Q) Which sectors are looking attractive and why? Any particular stocks which one can look at?
A) Nifty Bank and Financial Service sectors look attractive at the moment. Both the sectors have broken out of a long consolidation phase resuming their uptrends.
Stock to watch out for within this space are HDFC twins i.e. HDFC Bank and HDFC Ltd, Kotak Bank, Axis Bank and Bajaj Finserv.
Q) Top 3-5 stocks that one should look at buying for next 3-4 weeks?
A) Here is a list of trading ideas —
Tata Motors: Buy| LTP: Rs 307| Target: Rs 325| Stop Loss: Rs 298| Upside 6%
The stock has resumed an uptrend after breaking out of a narrow consolidation pattern on good volumes. Technical indicator RSI has turned upwards from the lower end of the bull zone i.e. 40 after forming a positive divergence confirming the bullishness.
HDFC Ltd: Buy| LTP: Rs 2703| Target: Rs 2840| Stop Loss: Rs 2640| Upside 5%
The stock has resumed its uptrend after breaking out of a bullish flag pattern on good volumes.
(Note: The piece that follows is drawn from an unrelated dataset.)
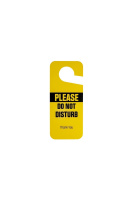 Please Do Not Disturb Ömürlük Pvc Çift Taraflı Kapı Askısı 10 Adet 9cm X 21,5cm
Further, RSI has turned higher from 60 level confirming a strong uptrend dominance in the stock.
Reliance Industries: Buy| LTP: Rs 2144| Target: Rs 2260| Stop Loss: Rs 2080| Upside 5%
The stock is on the verge of a breakout from an inverted Head & Shoulders pattern neckline placed at 2150, a successful breakout on good volumes will take the stock higher to levels of 2260-2350. Further, RSI is suggesting a breakout is on cards.